Goal of the exercise
Please retype the listing below word for word and exclude its images.

Data provided
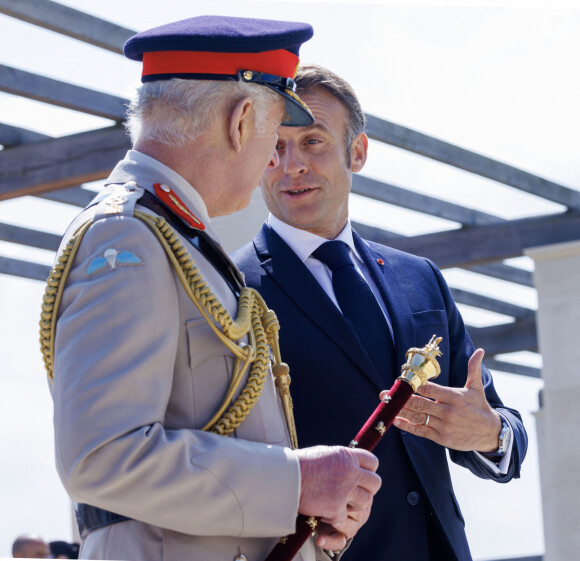 Le roi Charles III d'Angleterre, Emmanuel Macron, président de la République française lors de la cérémonie franco-britannique au mémorial britannique de Ver-sur-mer, France, le 6 juin 2024, lors du 80ème anniversaire du débarquement. © Ian Vogler/MirrorPix/Bestimage 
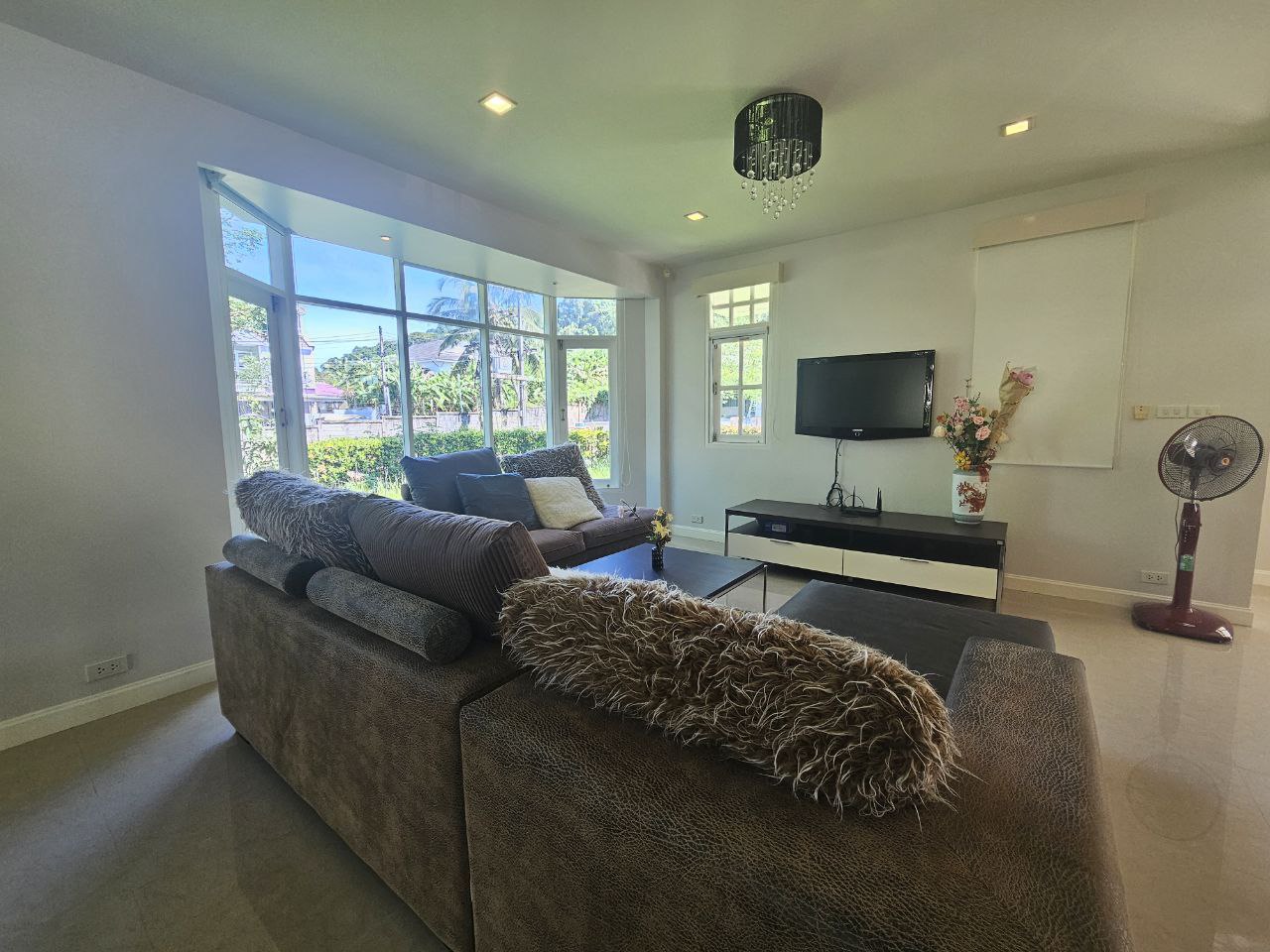 For Rent : Kathu, Private House, 3 bedrooms 3 Bathrooms, Garden View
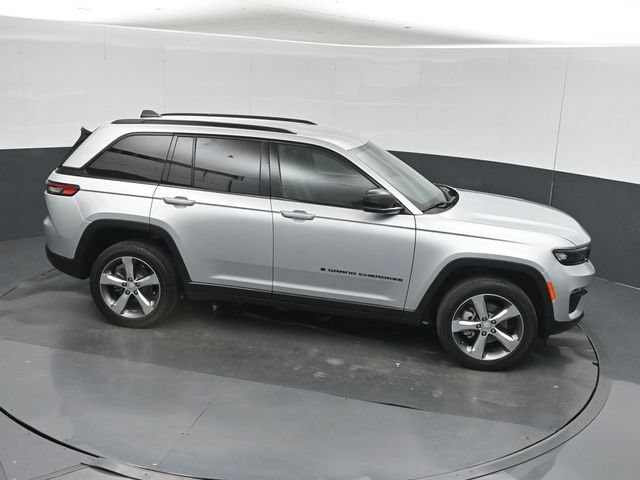 Used 2025 Jeep Grand Cherokee Limited w/ Black Appearance Package AWD/4WD image 44
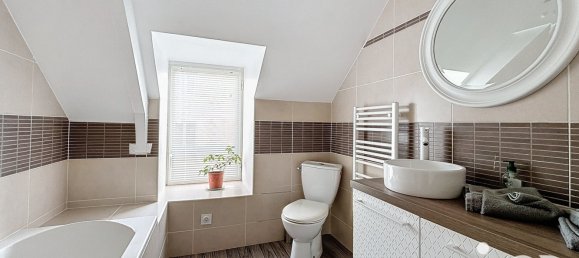 2 bedrooms Apartment in Saint-Coulomb, France No. 196076 8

Solution for this task
 Le roi Charles III d'Angleterre, Emmanuel Macron, président de la République française lors de la cérémonie franco-britannique au mémorial britannique de Ver-sur-mer, France, le 6 juin 2024, lors du 80ème anniversaire du débarquement. © Ian Vogler/MirrorPix/Bestimage 
 For Rent : Kathu, Private House, 3 bedrooms 3 Bathrooms, Garden View
 Used 2025 Jeep Grand Cherokee Limited w/ Black Appearance Package AWD/4WD image 44
 2 bedrooms Apartment in Saint-Coulomb, France No. 196076 8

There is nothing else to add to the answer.